→ Work request: Data follows below. Repeat exactly the lines between the line holding "vidaXL Kitchen Work" and the line holding "fashion-black-plaid-cotton-linen-lantern-skirts-summer", inclusive, and nothing more; drop pictures.

→ Source data:
===
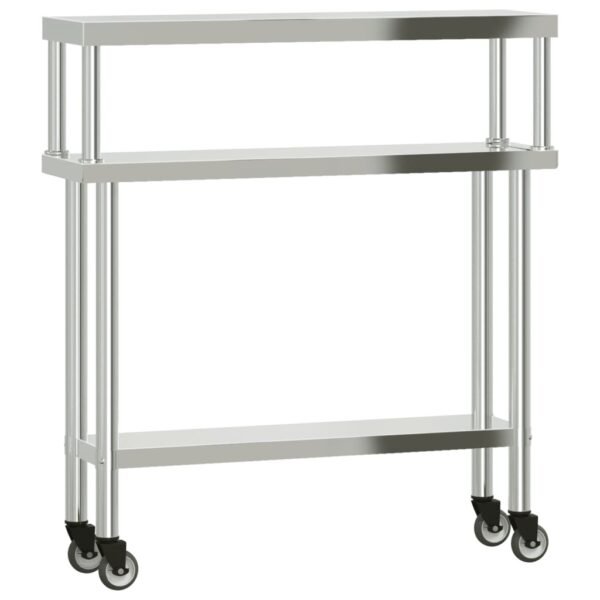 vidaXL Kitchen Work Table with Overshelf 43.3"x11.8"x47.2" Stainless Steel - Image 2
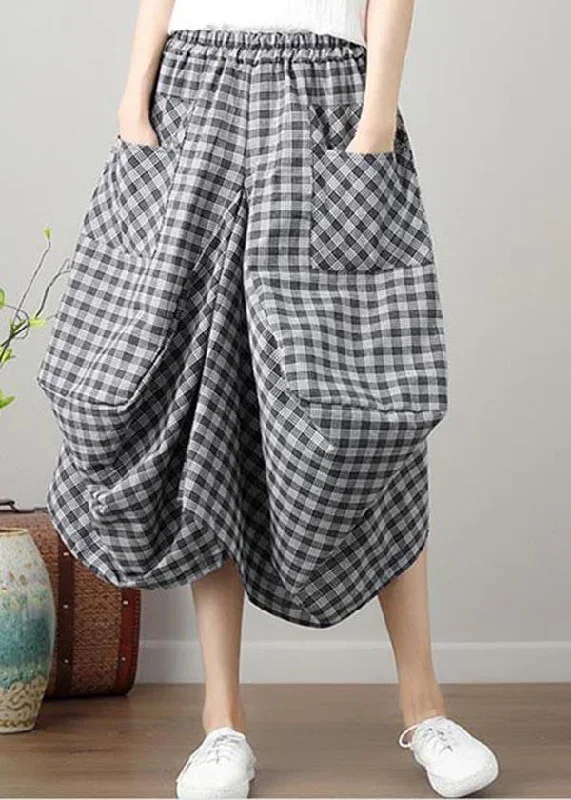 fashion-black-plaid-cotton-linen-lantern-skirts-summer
===
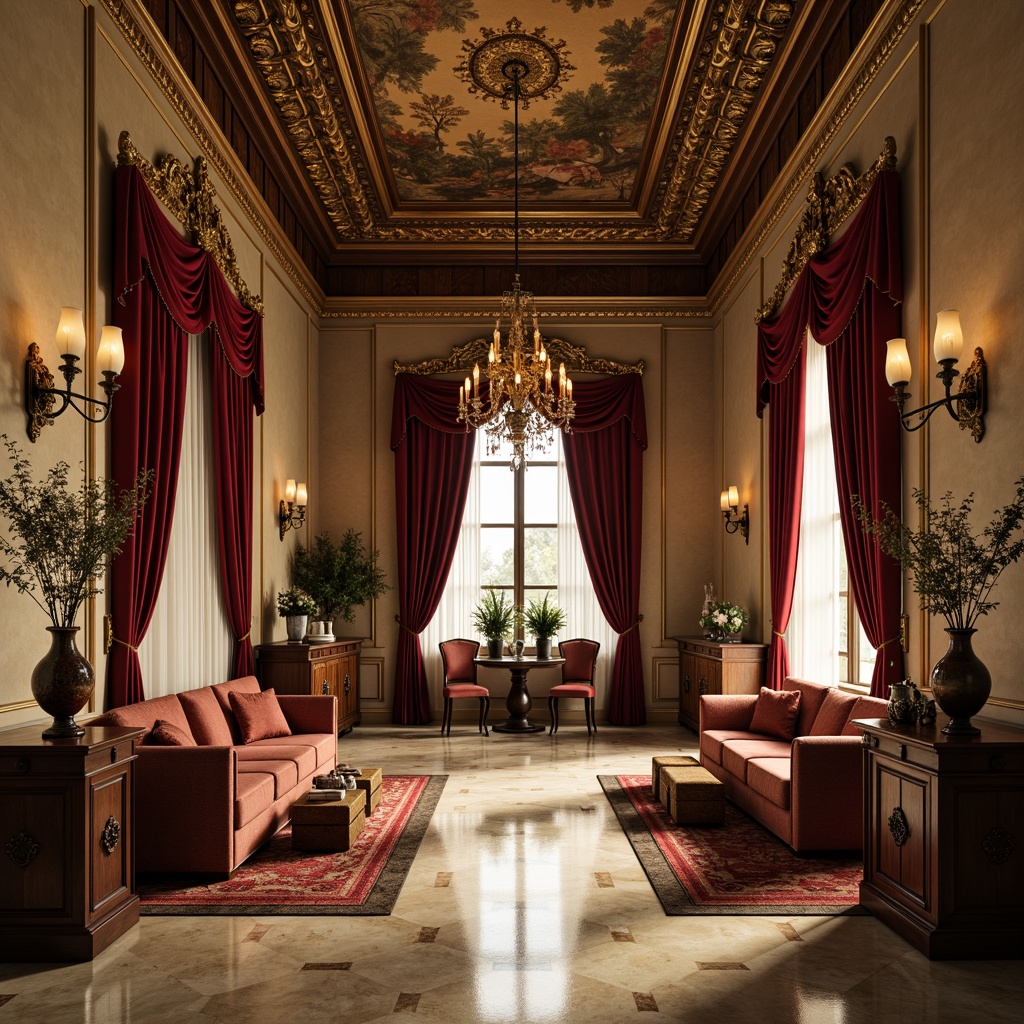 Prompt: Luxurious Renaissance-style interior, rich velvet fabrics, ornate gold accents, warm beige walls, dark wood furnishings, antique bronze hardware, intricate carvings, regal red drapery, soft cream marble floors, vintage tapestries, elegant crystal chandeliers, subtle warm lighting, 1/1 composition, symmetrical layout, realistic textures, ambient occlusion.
===
→ Result:
 vidaXL Kitchen Work Table with Overshelf 43.3"x11.8"x47.2" Stainless Steel - Image 2
 fashion-black-plaid-cotton-linen-lantern-skirts-summer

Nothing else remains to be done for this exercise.